#### Task directions
Omit all images, then repeat exactly the lines below from the one containing "Men's New Era" through the one containing "55Pcs RUN IT", both ends included.

#### Stored data
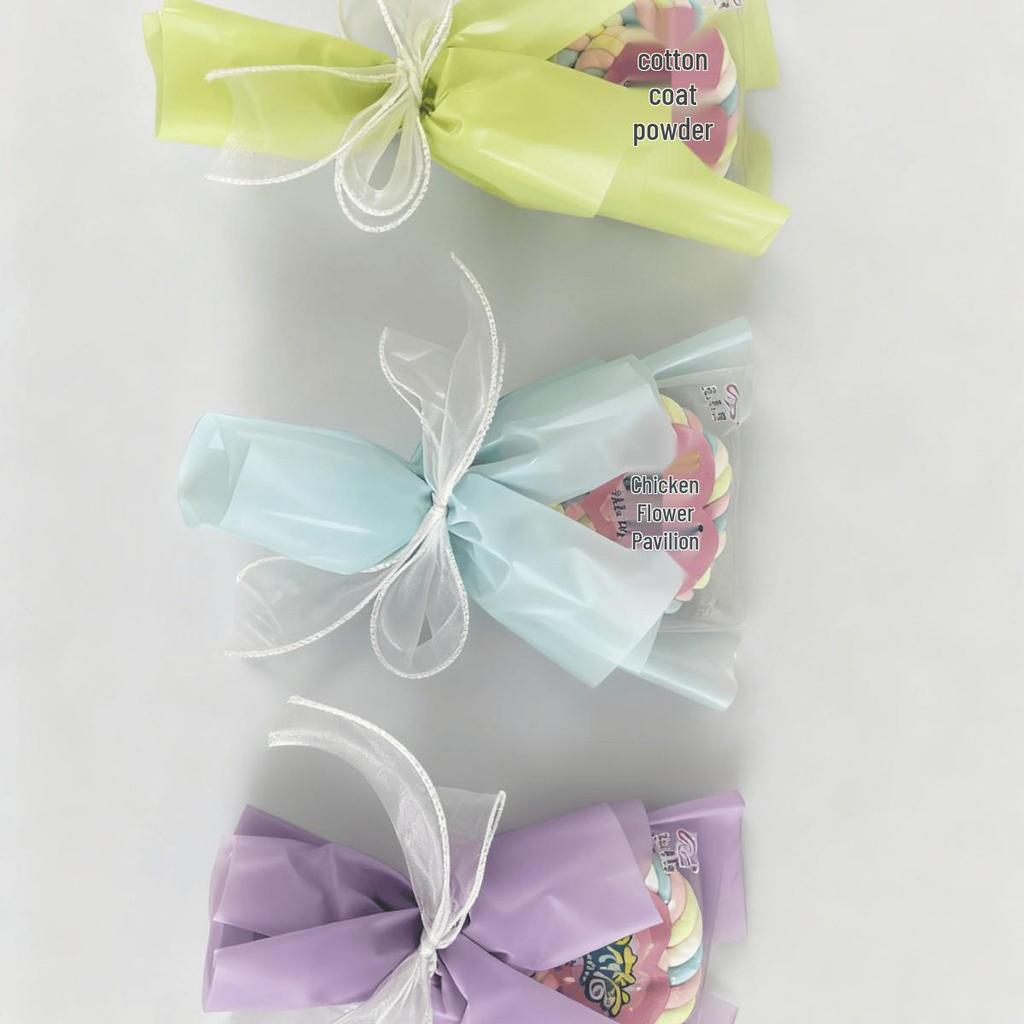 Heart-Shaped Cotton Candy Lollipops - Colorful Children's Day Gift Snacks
* * *
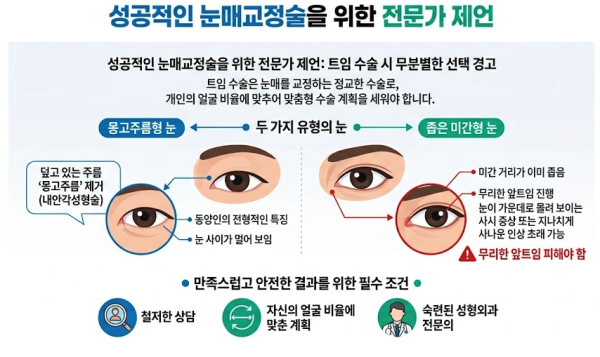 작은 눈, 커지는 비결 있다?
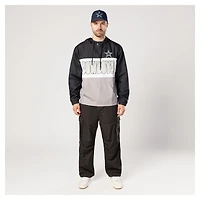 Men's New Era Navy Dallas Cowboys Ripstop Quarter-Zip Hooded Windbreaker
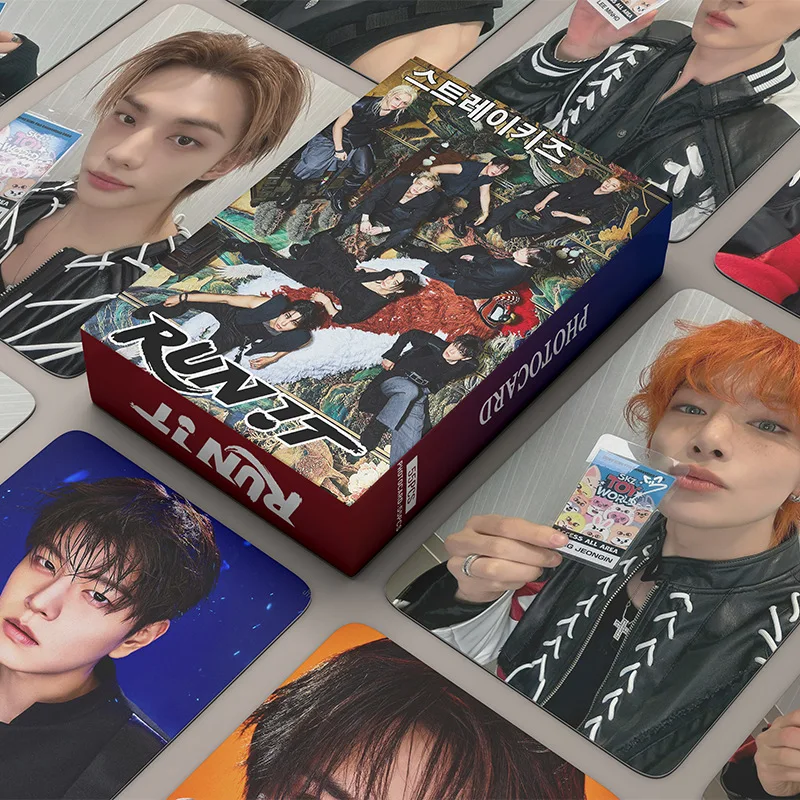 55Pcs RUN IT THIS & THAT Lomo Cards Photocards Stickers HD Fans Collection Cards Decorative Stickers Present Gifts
--
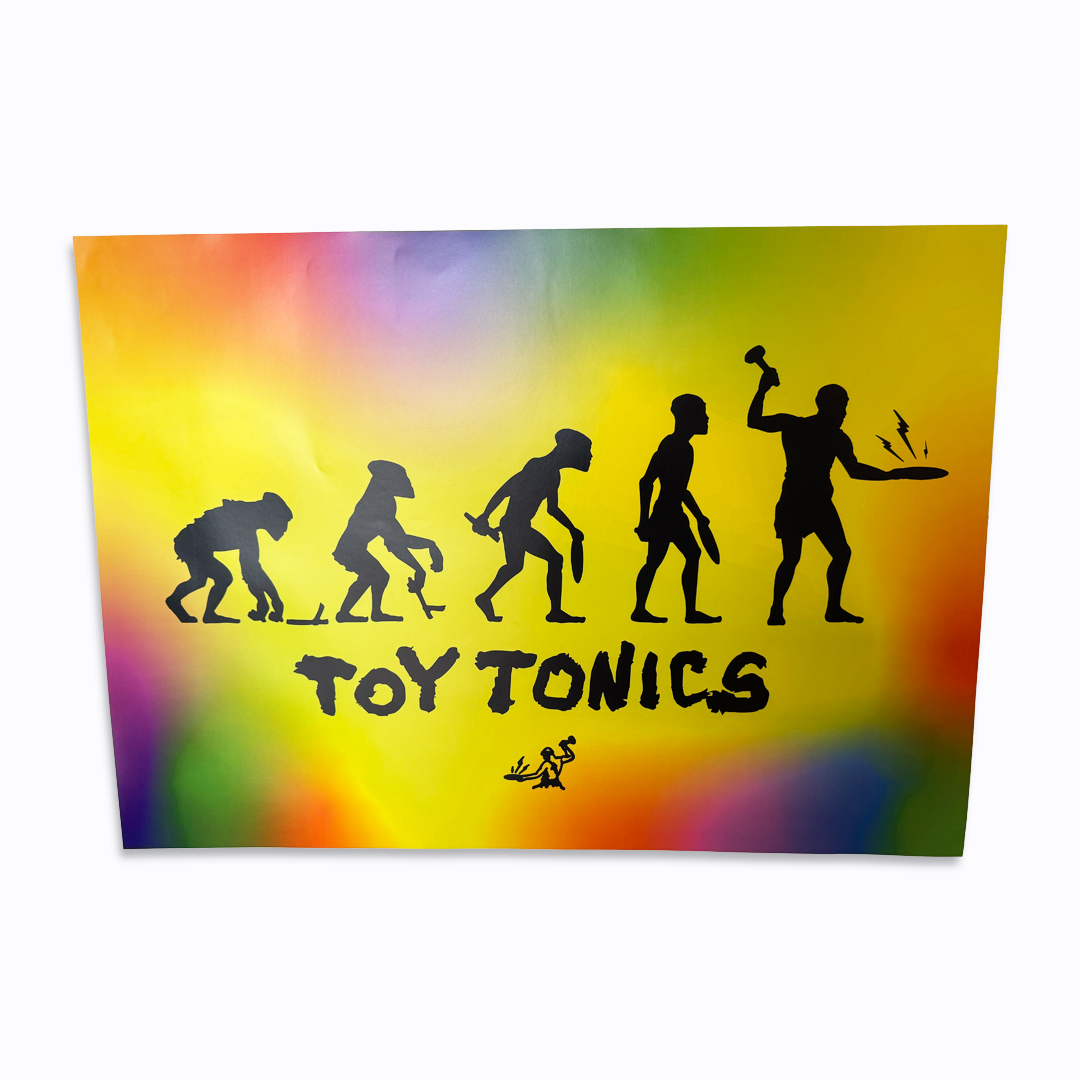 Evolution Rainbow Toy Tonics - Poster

#### Written solution
 Men's New Era Navy Dallas Cowboys Ripstop Quarter-Zip Hooded Windbreaker
 55Pcs RUN IT THIS & THAT Lomo Cards Photocards Stickers HD Fans Collection Cards Decorative Stickers Present Gifts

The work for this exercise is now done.